What’s in the classroom?
The classroom setting is equally important as any lesson or activity conducted within its boundaries. Indeed, as humans we don’t even need to consciously attend to visual or auditory sensory stimuli within our radius in order for our brain to process, make sense, and even store this information. Therefore, every object or “decoration” in the classroom needs to serve an actual purpose. Some things may have an educational while others may have an emotional value – such as helping children feel safe and secure while shaping their sense of personal space. For early age students (and especially for new students), it is of significant importance to feel a sense of belonging to the school community and the classroom itself. This is best achieved when children’s work is displayed and they can easily refer to it when they feel ‘lost’. It also helps boost kids’ self esteem.
The Power of Photography
I try to capitalize on the power of taking pictures not only as an evidence of students’ engagement and celebration of their achievements but also as a learning tool. Printing out and displaying photographs of important daily moments/events/achievements and talking about these help students make sense of the information and memorize words and phrases better by ‘revisiting’ the moments of learning. Along with our days of the week board, I have made a corresponding album section where prominent events during the respective day are displayed. I collect all printed photographs and make them available for the kids. At small groups they revisit these memories by talking about what’s happening in the photographs.
As an example, we were learning words with the letter A and then paid a visit to the nearby park where one of the students found an ant. I captured this moment, printed out the picture and displayed it as a memory of what we did on that Thursday. During the remaining of the week, students kept on remembering and talking about the experience.
Another way of helping children better understand the sequence of events is by involving them in the classroom routine. Once children learn the name for each part of the daily routine, they are ready to take part in its sequence. The teacher’s helper for the day is in charge of the classroom routine board. He or she arranges the board and announces when a certain activity is over and what comes after. This helps children begin to make choices and see alternatives throughout the day.

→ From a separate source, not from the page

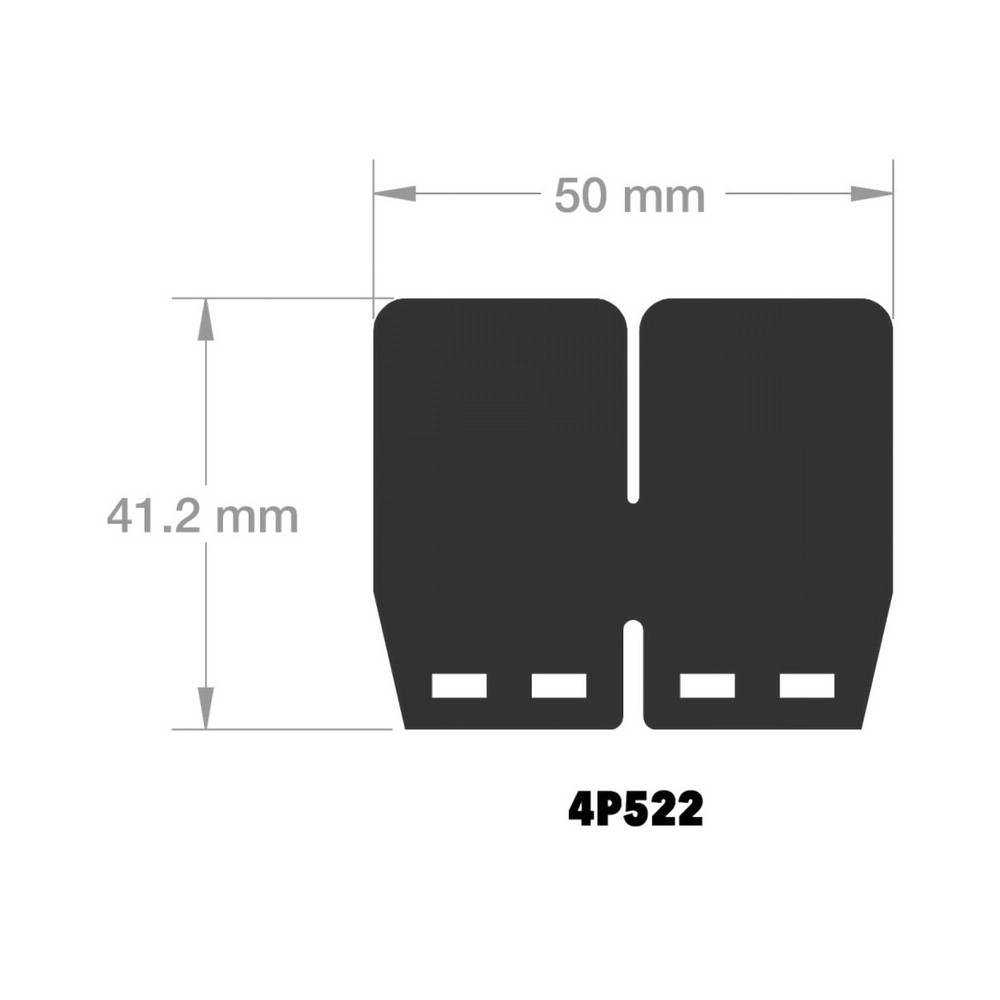 LAMELLES DE CLAPETS POUR V-FORCE4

Last, teachers must be very weary about clutter and bombarding kids with unnecessary visuals. As with everything else, simple is best. It is quite tempting to adorn everything with cute decorations especially when working with early age kids. Nevertheless, if these decorations don’t carry any significant educational or emotional benefit, then they only distract the children and shift their focus from what matters. Position important things at children’s eye level. Exhibit only information that is relevant to the children and their learning. Aim for complementing visual with auditory information so that children can make connections.